I have been a wildlife filmmaker for many years, so the natural world informs my practice since I made a career move and completed an MA in printmaking. I work with earth, wood, trees, and found objects, combining drawing, painting, photography, text, and print, to explore the “spirit of place.” I am fascinated by the impact of time and human history on the fabric and texture of both the urban and the natural world.
I also write about the natural world and the environment. My first degree was in zoology. After many years working in wildlife film, I made a life-changing decision to undertake an MA in printmaking. My inspiration comes from the natural world. “Red Oak, 79 Years” celebrated an ancient felled oak, using hand-made prints of the annual rings.
“Thorn” rehabilitated brambles as something precious, by copper-plating blackberry stems.I attended the Soil Culture Symposium at Falmouth and made a short presentation about using the natural pigment recovered from an abandoned red ochre mine, to create my own ink and prints.

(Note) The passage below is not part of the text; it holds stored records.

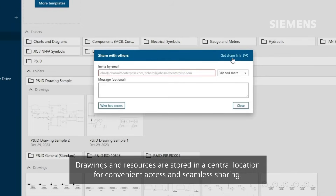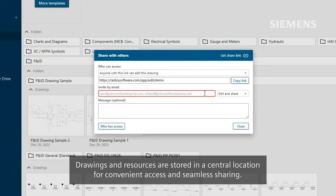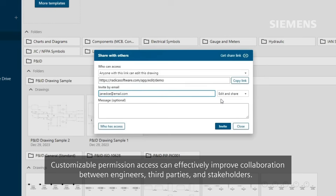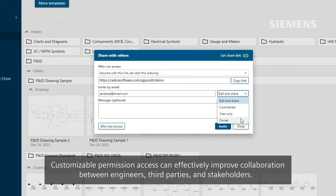Drawings and resources are stored in a central location for convenient access and seamless sharing. Customizable permission access can effectively improve collaboration between engineers, third parties, and stakeholders.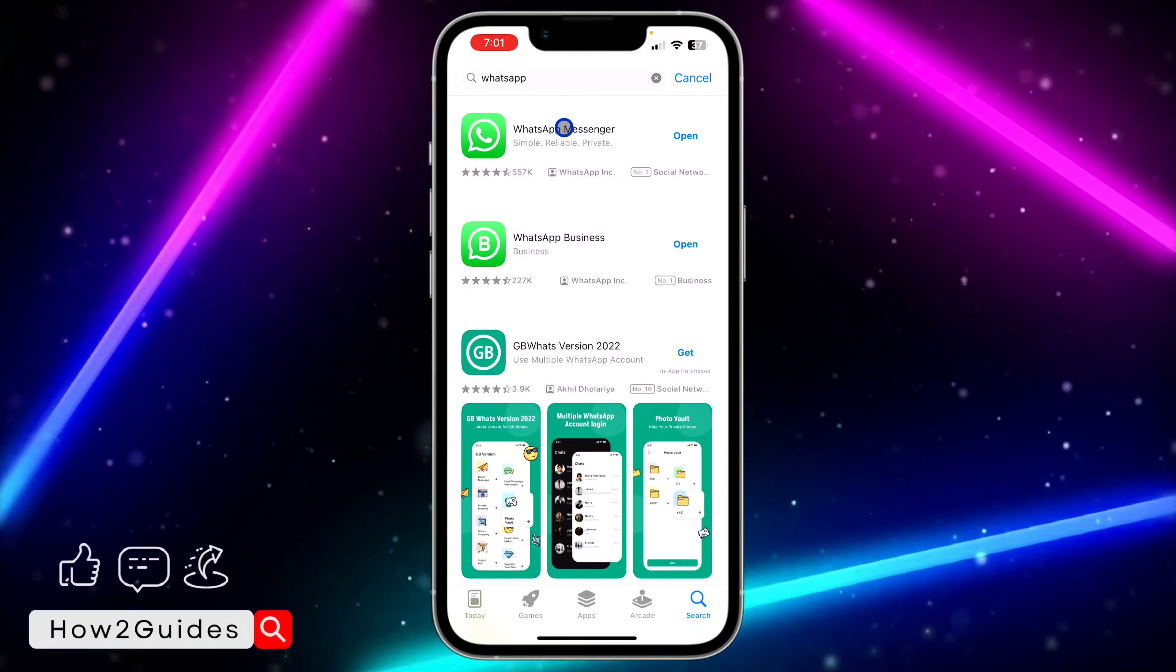Once you select WhatsApp, just offload your WhatsApp. Note that by offloading it, all your documents, pictures, everything, all your chats are still safe. Nothing is going to happen to them. Just offload it, and after offloading, you're going to reinstall right here. Just reinstall it and that should fix the issue.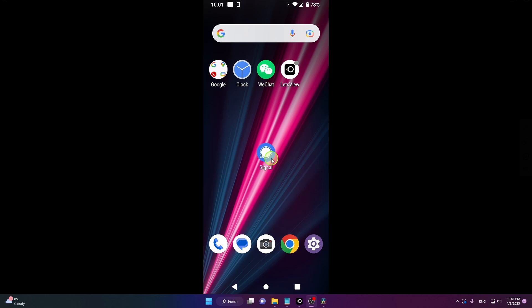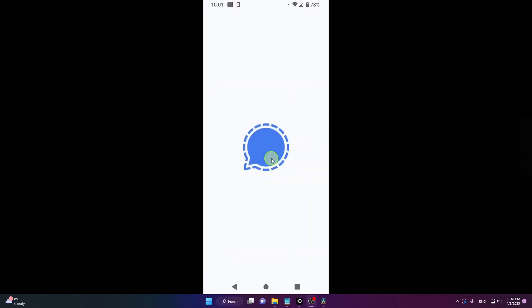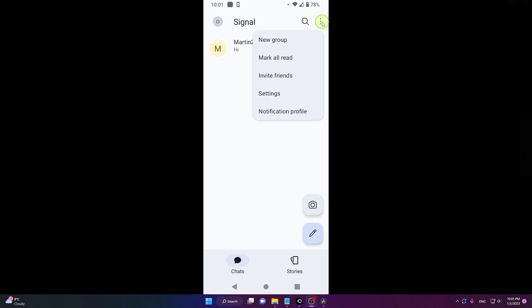Open the app, go here, click on these three dots, and then click on settings.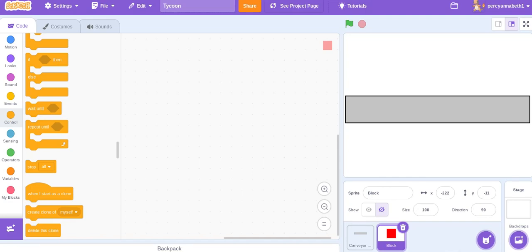Guys, welcome back to Banana's Flood, and in today's video, I'll be showing you how to make a tycoon game. So, this is the conveyor belt, you need to draw that.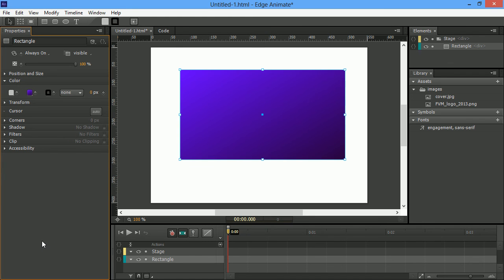And that's most of the new stuff within this Edge Animate update. There's, of course, a whole bunch of little enhancements and bugs under the hood. But those are probably the things that are going to stand out most to people actually using the product day to day.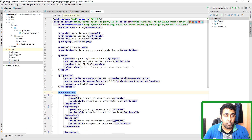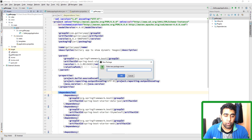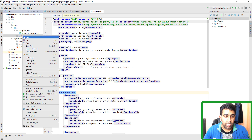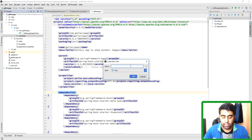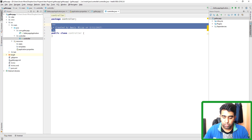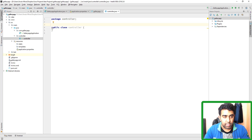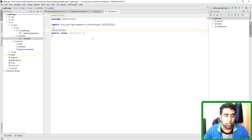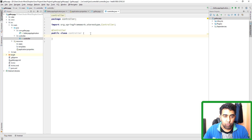First, in the Java directory, I'm going to create another package and name it controller. We got the package. I'm going to create a Java class here and name it Controller. I'll remove the comments and annotate this class with @Controller, which tells our Spring Boot application that this is the controller. Now let's look at the Thymeleaf templating engine and create some HTML files.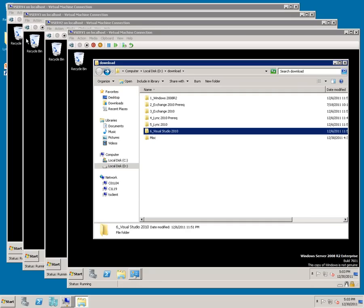one for the exchange auto attendant, one for exchange subscriber access, one for Lync conference calling, one for a Lync hunt group, and one that is shared among all of my users.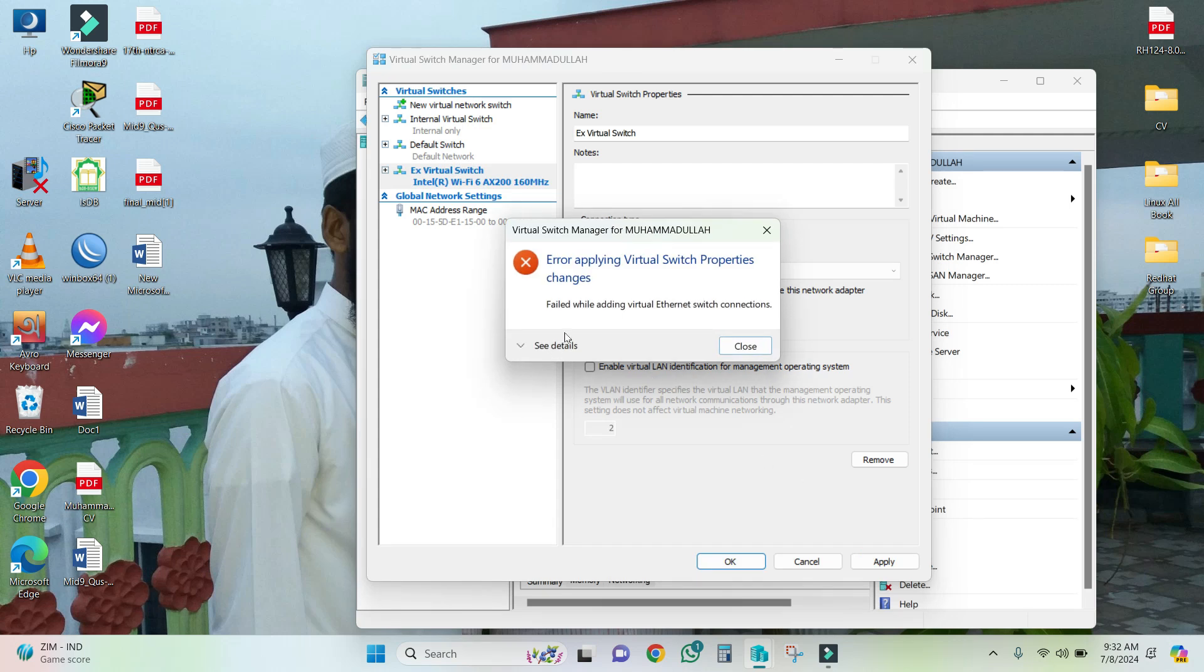Look, 'fail to add virtual ethernet switch connections' - this is the problem. I cannot create an external virtual switch with my wireless adapter.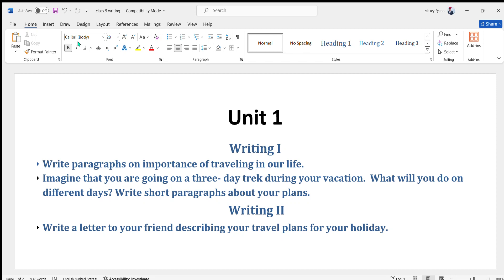Good morning everybody. Today we will discuss Compulsory English Grade 9, Unit 1: Current Affairs and Issues. We will discuss the writing parts. I have collected two questions from Writing One and only one question from Writing Two.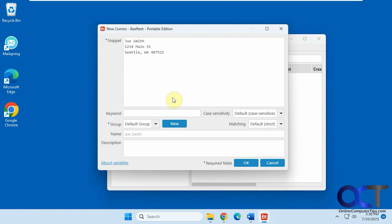Like so. And then for the keyword, you want to use something that's not going to be common. You don't want to use the word address, because every time you type address, it's going to put that in there, and you're not going to want that necessarily. So let's call this ADZ address. So the name is Joe Smith.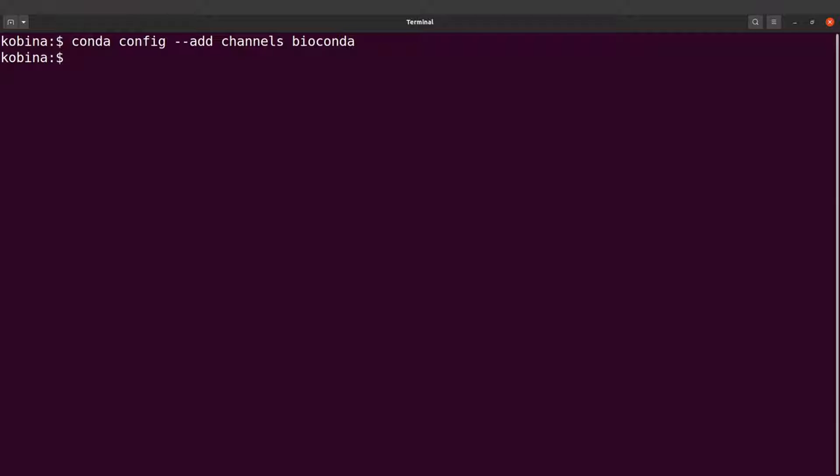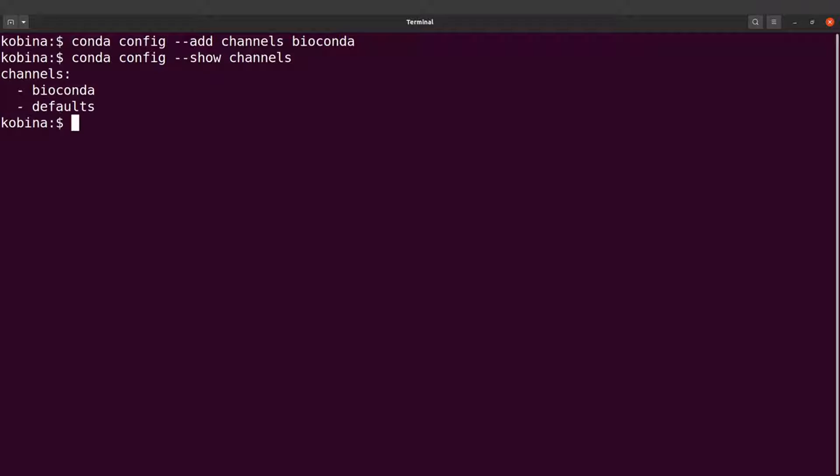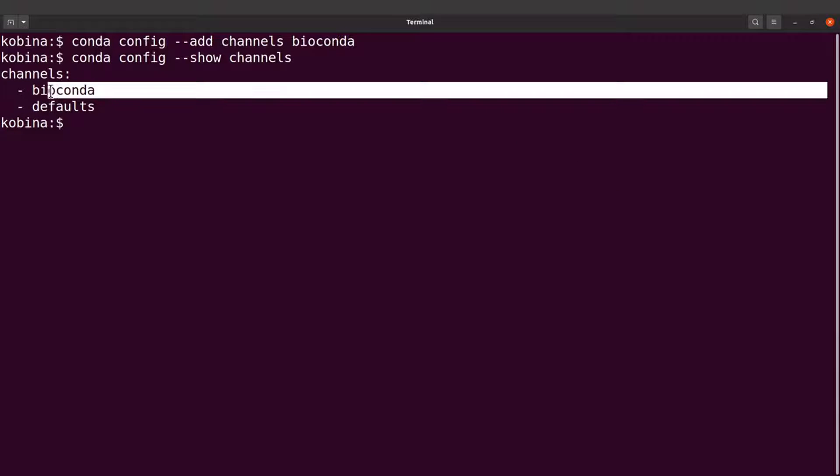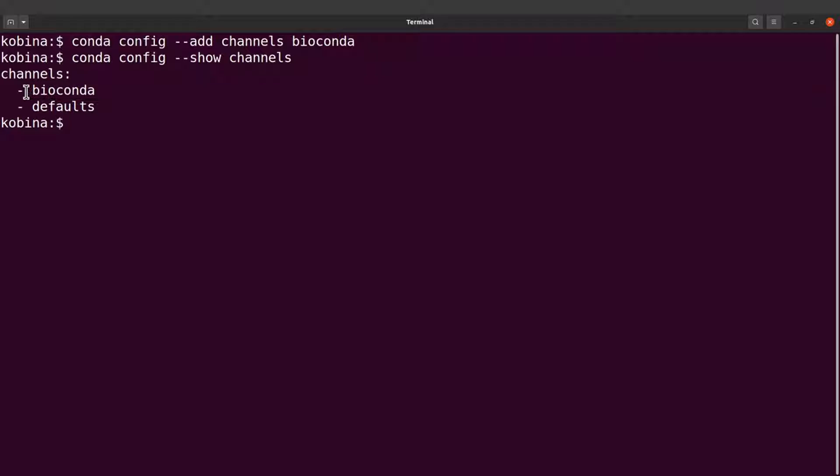The channel has been added. We can confirm. So we can say conda config show channels. This will list the channels we have on our system. We have bioconda which we just added, and there's the default channel which comes packaged with conda.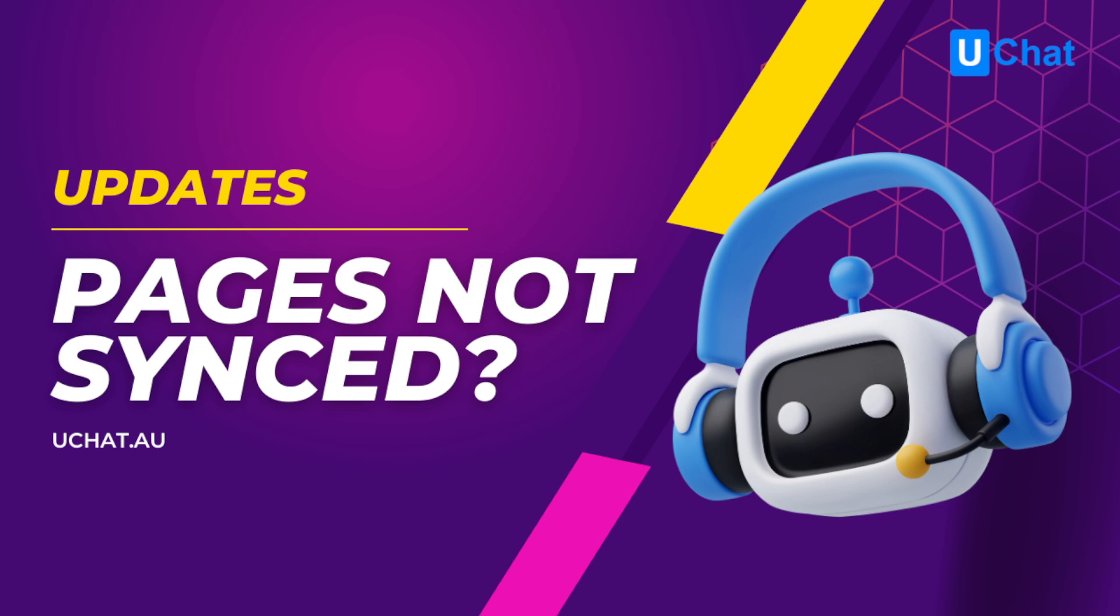This issue only affects some accounts, maybe on the uChat domain or our white label partner domains. If you are having this issue, you need to watch this video and follow this workaround.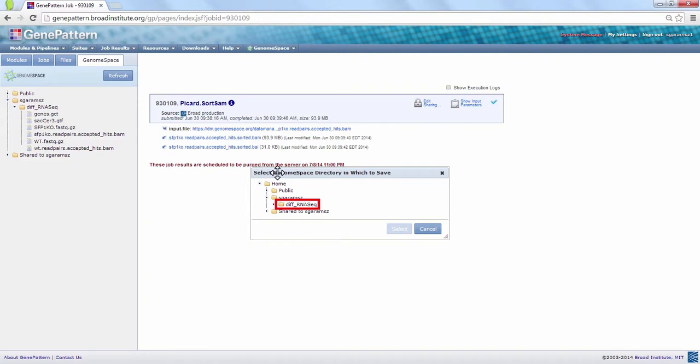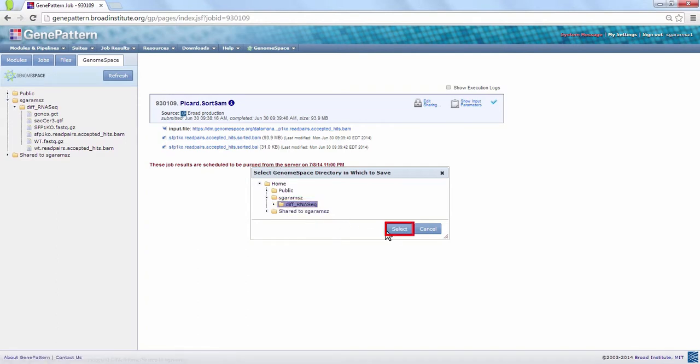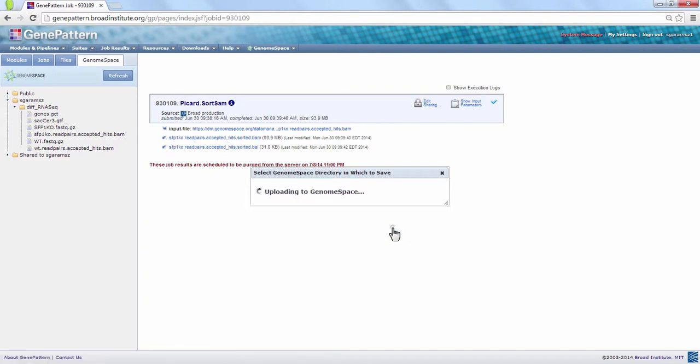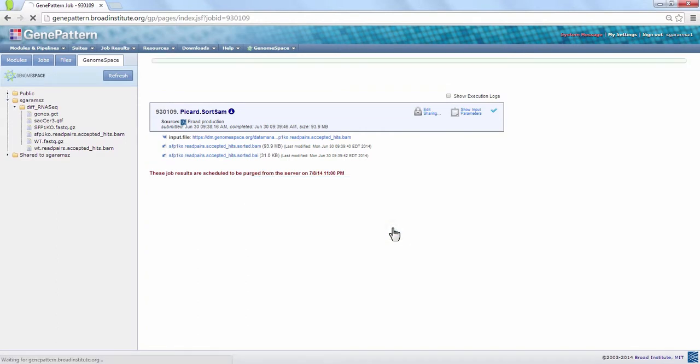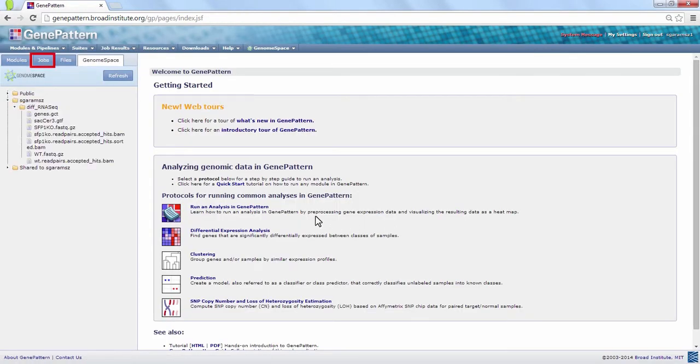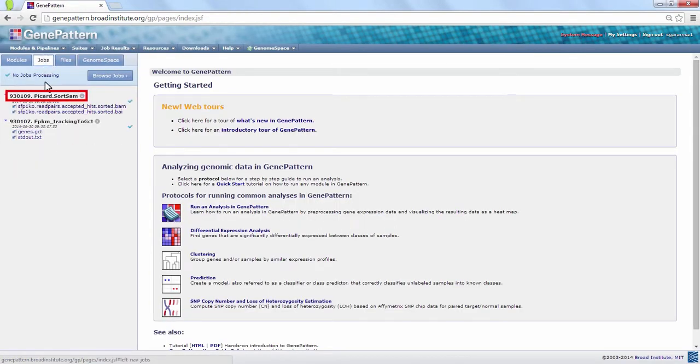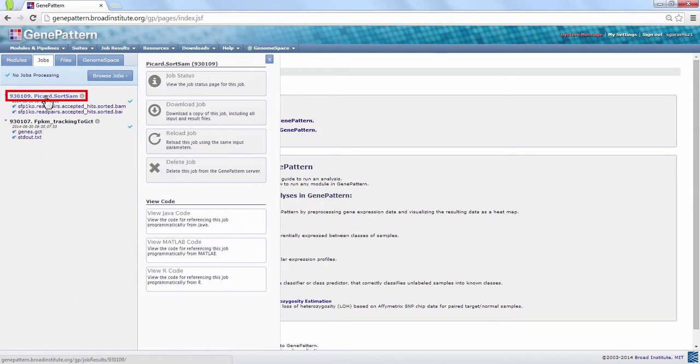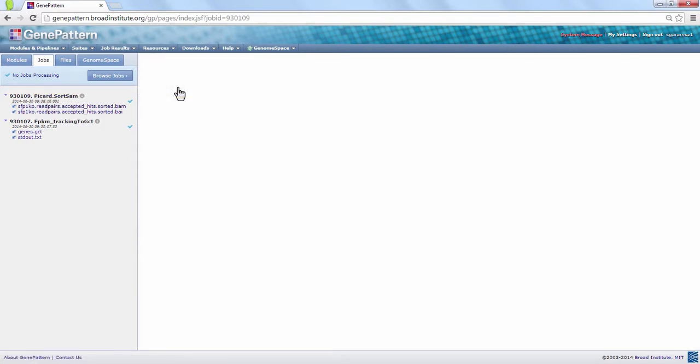Keep in mind that programs will often require that paired BAM and BAI files be located in the same directory, so try to choose the same folder for both files here. Return to your job and save the BAI file.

I am now working on a project “One Square Inch of Earth” where I am asking members of the public to send me “one square inch of earth” with a note saying exactly where the earth came from, and what it means to them. It may be soil from an urban garden, churchyard, farm, bog, roadside verge, forest, allotment, mountain peak, or river bank – whatever location has most significance. I want to celebrate this amazing substance that we so often take for granted by creating an “Emotional Soil Map” of Britain, literally mapping the emotional relationship we have with the earth beneath our feet.